* _Exercise directions_:
Reproduce word for word the line holding "書道金ゴールドファンシーは愛し結婚て 箔招待状" and all lines after it in the data, through the end, leaving out pictures.

* _Scraped caption text data_:

#####

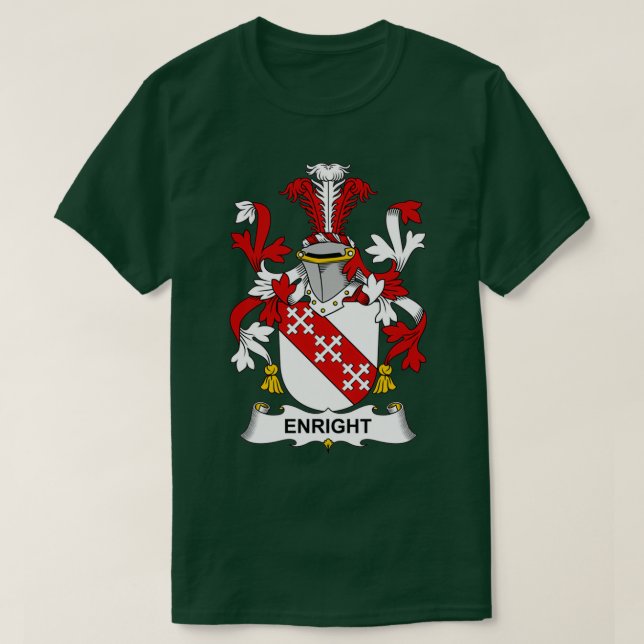 Familienwappen für das richtige Wappen T-Shirt (Design vorne)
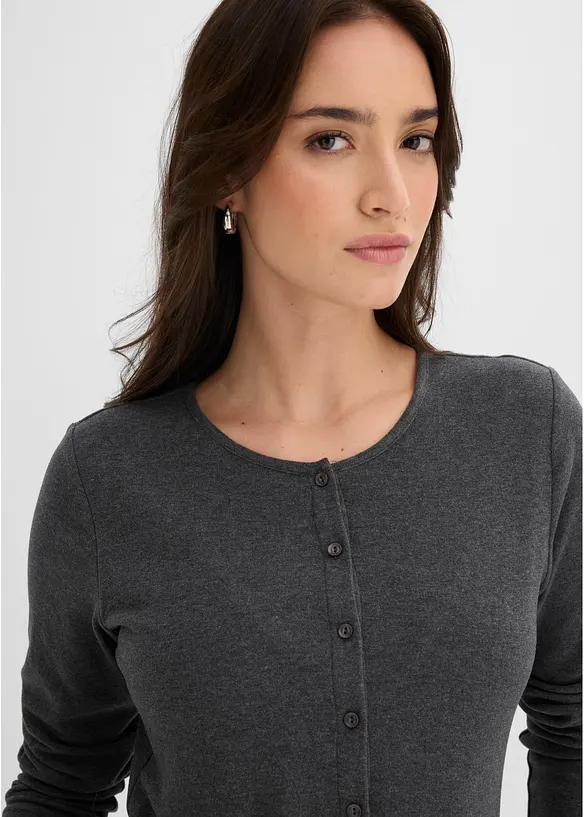 2-in-1-Shirt mit Spitze, bonprix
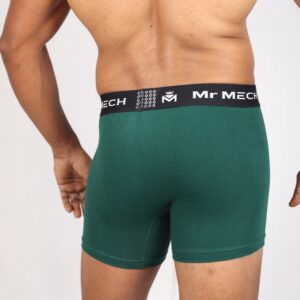Pac of [3 pcs] Bottle Green Trunk [Green,Navy & Black]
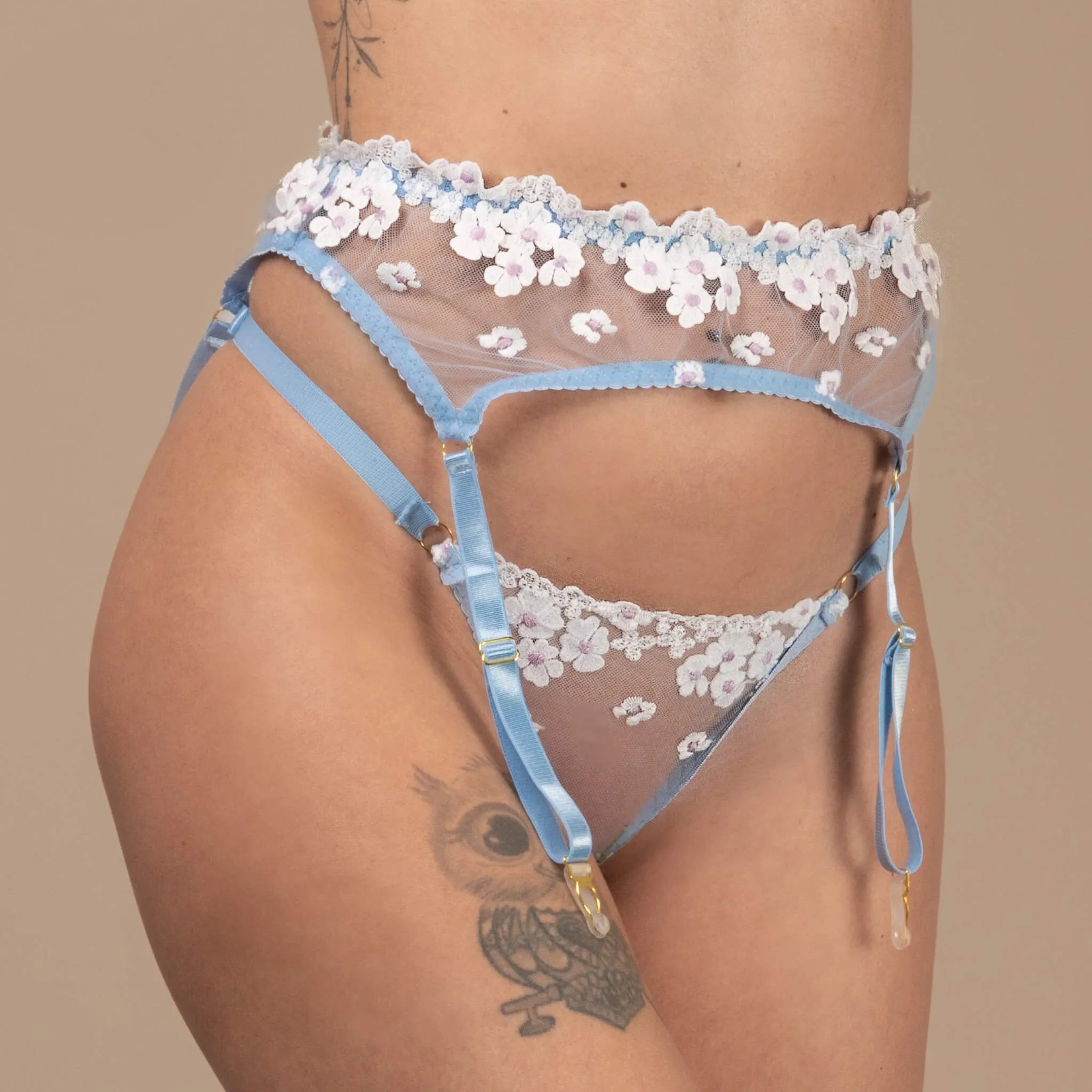Baby Blue Heaven Lingerie Set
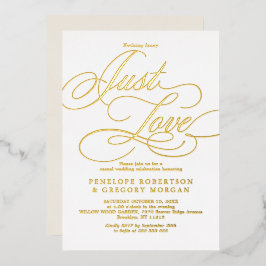 書道金ゴールドファンシーは愛し結婚て 箔招待状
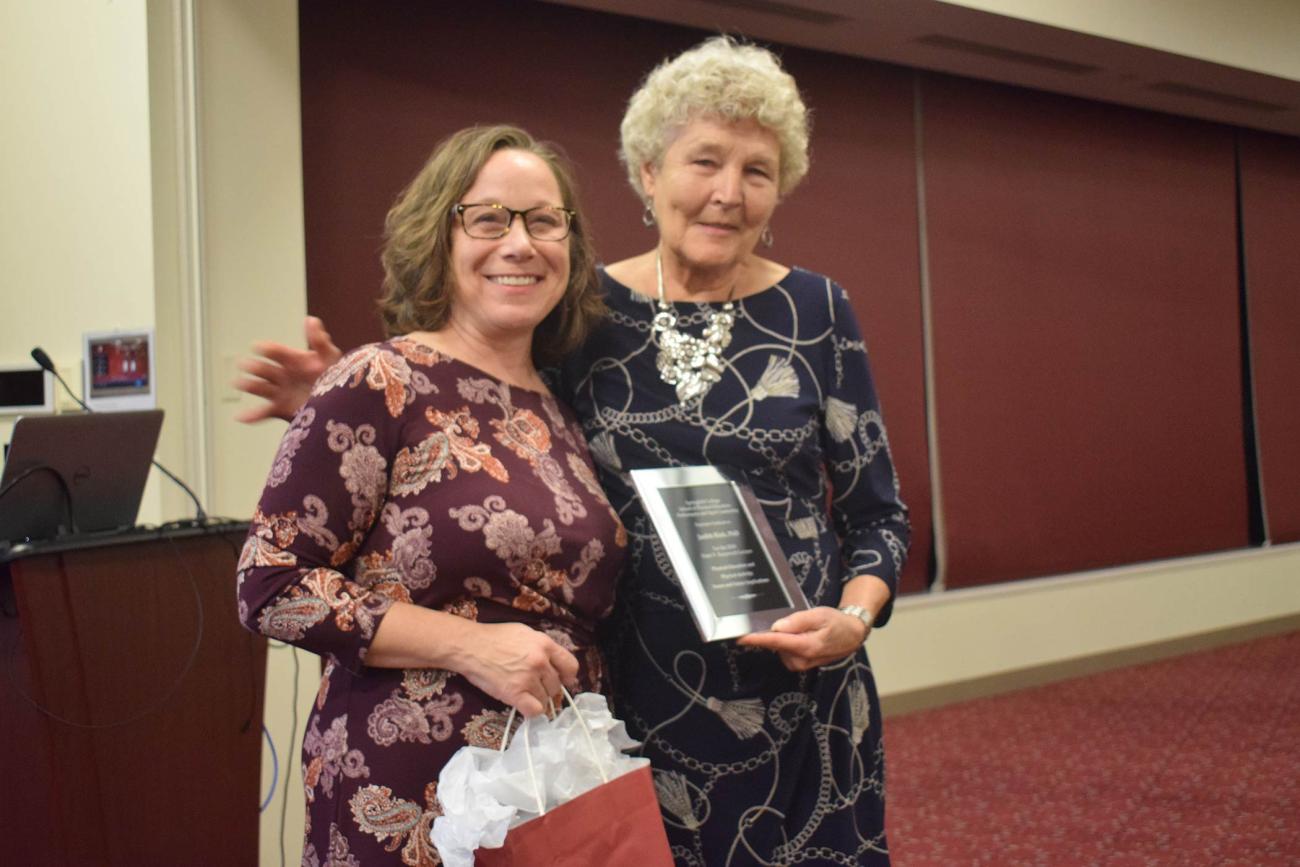 The Springfield College School of Physical Education, Performance and Sport Leadership presented the 2019 Peter V. Karpovich Lecture featuring physical education and health education expert Judy Rink, on Wednesday, Oct. 16, in the Cleveland E. and Phyllis B. Dodge Room.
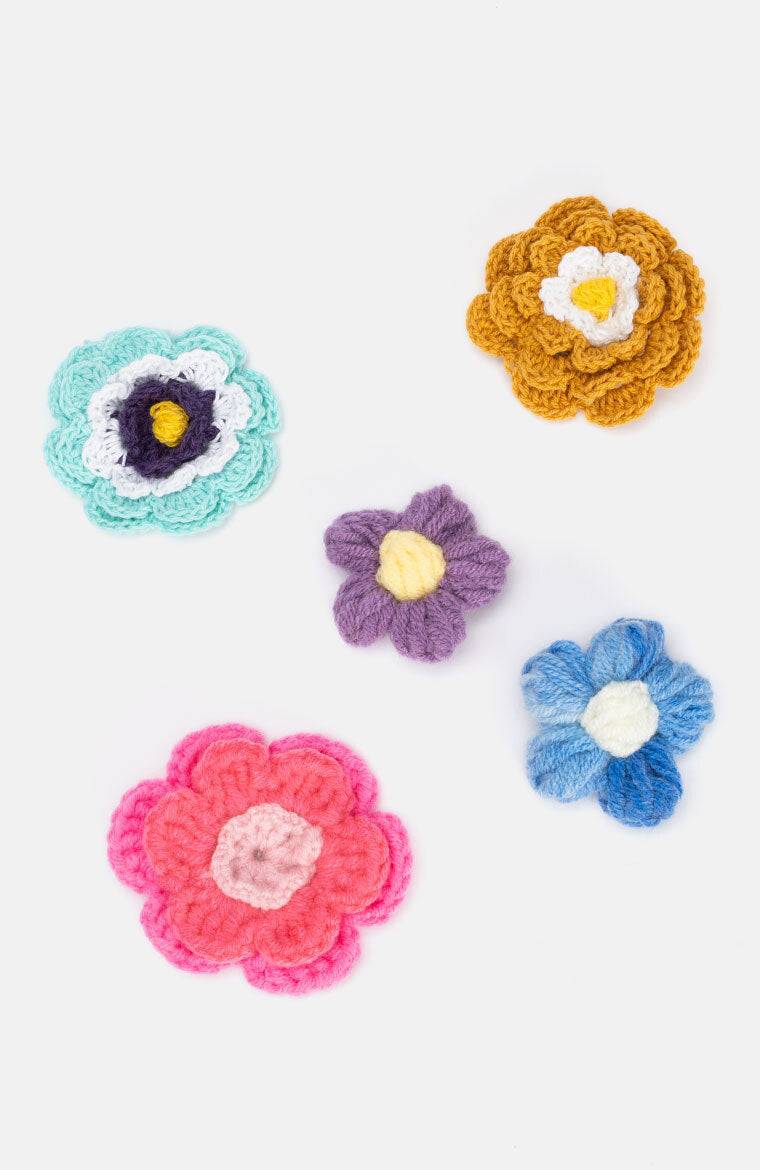 Stuff Maker Flower-Broochies set in Bunt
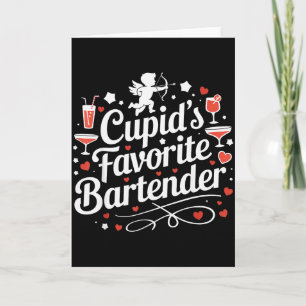 Cupido's favoriete barman grappige valentijnsdag d kaart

#####

* _The completed task_:
 書道金ゴールドファンシーは愛し結婚て 箔招待状
 The Springfield College School of Physical Education, Performance and Sport Leadership presented the 2019 Peter V. Karpovich Lecture featuring physical education and health education expert Judy Rink, on Wednesday, Oct. 16, in the Cleveland E. and Phyllis B. Dodge Room.
 Stuff Maker Flower-Broochies set in Bunt
 Cupido's favoriete barman grappige valentijnsdag d kaart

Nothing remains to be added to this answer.